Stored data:
☆ ☆ ☆ ☆ ☆ ☆ ☆

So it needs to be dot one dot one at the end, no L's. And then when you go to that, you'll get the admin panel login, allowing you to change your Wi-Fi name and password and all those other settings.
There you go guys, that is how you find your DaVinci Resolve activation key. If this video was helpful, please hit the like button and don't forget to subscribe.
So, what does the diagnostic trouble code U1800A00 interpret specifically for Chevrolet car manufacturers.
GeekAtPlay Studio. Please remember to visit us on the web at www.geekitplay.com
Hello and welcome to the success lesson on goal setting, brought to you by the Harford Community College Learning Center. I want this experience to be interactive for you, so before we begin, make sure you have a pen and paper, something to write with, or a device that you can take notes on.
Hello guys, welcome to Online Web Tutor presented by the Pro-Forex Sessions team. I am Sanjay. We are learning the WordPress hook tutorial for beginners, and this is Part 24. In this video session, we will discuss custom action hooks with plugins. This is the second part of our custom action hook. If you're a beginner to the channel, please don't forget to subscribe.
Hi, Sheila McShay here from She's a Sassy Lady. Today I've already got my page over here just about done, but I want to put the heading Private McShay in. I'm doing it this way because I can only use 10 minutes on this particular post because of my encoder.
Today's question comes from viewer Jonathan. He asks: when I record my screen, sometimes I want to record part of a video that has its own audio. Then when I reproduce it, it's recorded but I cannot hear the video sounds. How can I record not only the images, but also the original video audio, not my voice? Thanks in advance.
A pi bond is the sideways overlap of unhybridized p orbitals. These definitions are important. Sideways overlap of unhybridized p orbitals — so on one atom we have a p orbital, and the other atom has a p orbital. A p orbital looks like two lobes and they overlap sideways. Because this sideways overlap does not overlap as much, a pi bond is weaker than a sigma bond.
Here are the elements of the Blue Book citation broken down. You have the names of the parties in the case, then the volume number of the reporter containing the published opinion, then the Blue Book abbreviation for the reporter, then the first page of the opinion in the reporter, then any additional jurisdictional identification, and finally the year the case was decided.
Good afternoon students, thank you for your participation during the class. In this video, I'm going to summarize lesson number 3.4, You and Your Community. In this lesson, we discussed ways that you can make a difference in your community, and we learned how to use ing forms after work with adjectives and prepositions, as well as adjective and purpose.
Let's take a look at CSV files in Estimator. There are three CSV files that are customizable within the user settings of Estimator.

☆ ☆ ☆ ☆ ☆ ☆ ☆

◆ AIM OF THE TASK ◆
Starting at the line that contains "A pi bond is the" and stopping after the line that contains "Here are the", write out every line exactly as it appears above, and no other line.

◆ SOLUTION ◆
A pi bond is the sideways overlap of unhybridized p orbitals. These definitions are important. Sideways overlap of unhybridized p orbitals — so on one atom we have a p orbital, and the other atom has a p orbital. A p orbital looks like two lobes and they overlap sideways. Because this sideways overlap does not overlap as much, a pi bond is weaker than a sigma bond.
Here are the elements of the Blue Book citation broken down. You have the names of the parties in the case, then the volume number of the reporter containing the published opinion, then the Blue Book abbreviation for the reporter, then the first page of the opinion in the reporter, then any additional jurisdictional identification, and finally the year the case was decided.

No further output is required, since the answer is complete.